What is a Fiduciary Bond?
Understanding fiduciary responsibility and the duties and obligations that are entailed are very important to those that undertake this task. The Fiduciary definition is defined as an individual, corporation, or association holding, managing and maintaining assets for another party. This is often done with the legal authority and duty to make decisions regarding financial matters on behalf of the other party. The most common types of fiduciary bonds are Conservatorship, Guardianship, Personal Representative, Trustee, and Representative Payee. A fiduciary bond is there to provide a financial offset to the protected person should the fiduciary steal or mismanage their assets.
The Fiduciary Duties Include:
To oversee the protected person’s assets in accordance with the powers given in the power of attorney, will, trust or through the powers granted by the court under their supervision.

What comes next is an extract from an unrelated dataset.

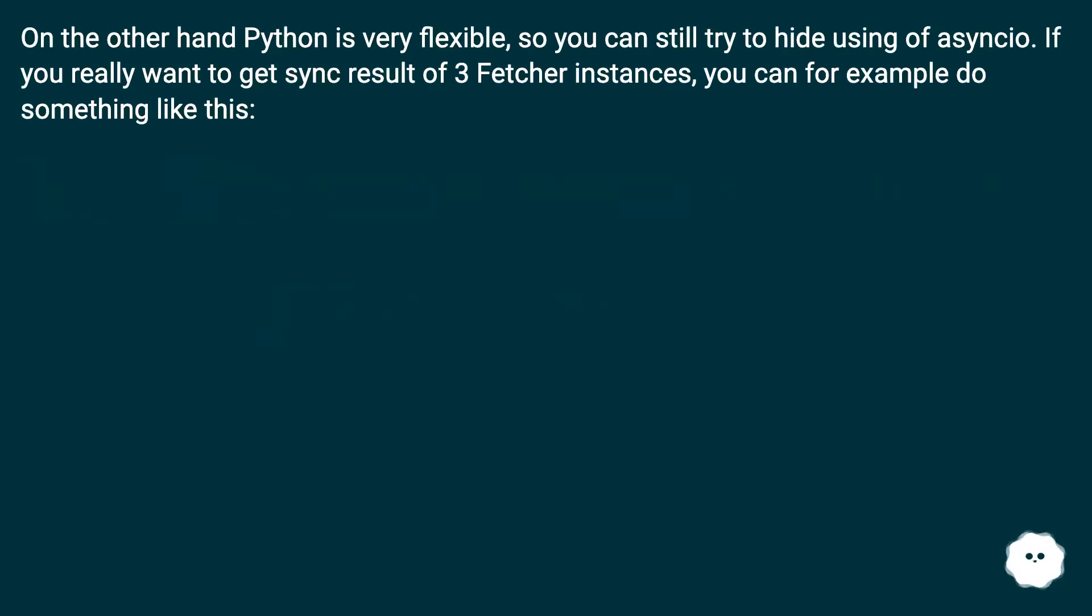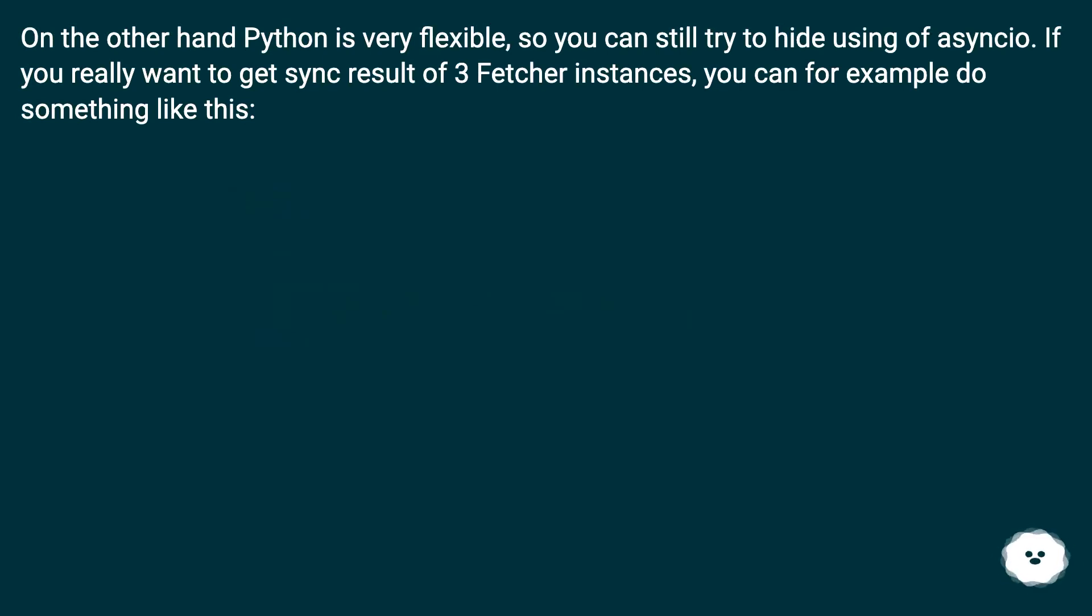On the other hand Python is very flexible so you can still try to hide using of asyncio. If you really want to get sync result of three fetcher instances, you can for example do something like this.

These powers typically revolve around the duty to protect and preserve the assets subject to control by the fiduciary and to establish that these assets are managed and maintained in a prudent and cautious manner.
The Fiduciary Responsibilities Include:
Understanding the terms and provisions in the fiduciary trust agreement, will, power of attorney or court order granting the fiduciary power.

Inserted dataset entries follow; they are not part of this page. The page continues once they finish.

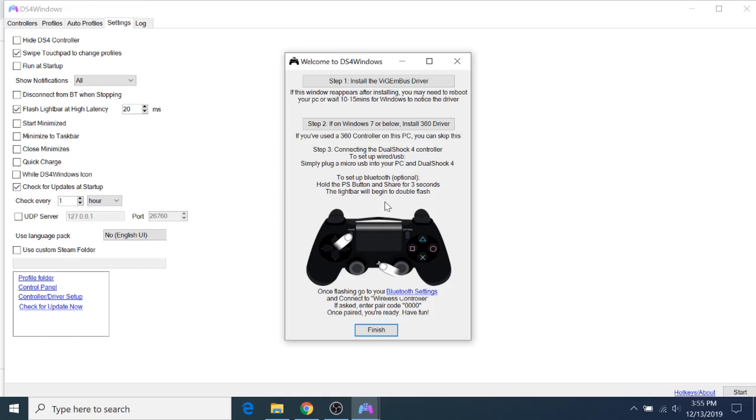So what you want to do is click on the Step 1 button for the driver install, and it's going to take a little while to download.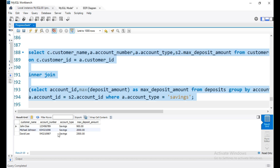The maximum deposit amount for each account ID is 900. The sample data, tables, and data will be provided in the description. Please practice this topic. Please like and subscribe. Thanks for watching.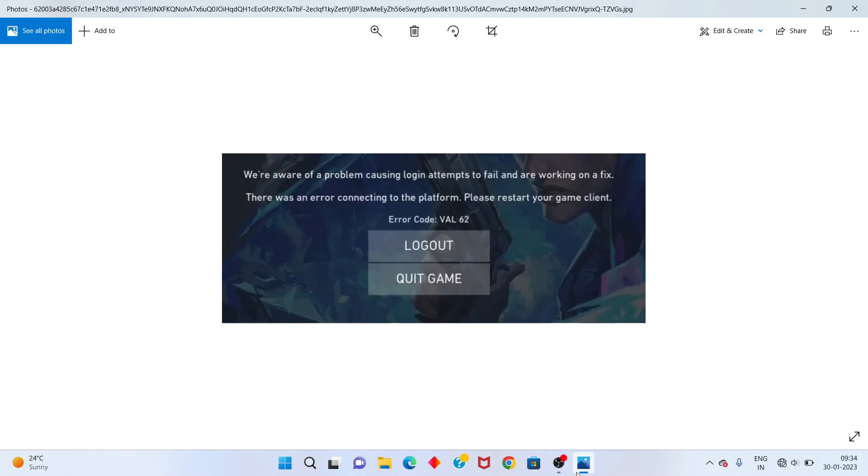Hello friends, welcome to my channel. How to fix Valorant error code Val62, step by step follow the steps.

Some of the Common Duties Include:
- Upon reasonable request, provide copies of the fiduciary trust agreement and all amendments to the beneficiaries.
- Locate all the assets and determine their values.
- Provide documentation to all relevant financial institutions indicating that the fiduciary now has the authority over these assets.
- Prepare an initial inventory of the assets, illustrating the tax cost bases and the current fair market value.
- Pay all expenses, creditors and fees.
- Prepare and file all necessary accountings and tax returns.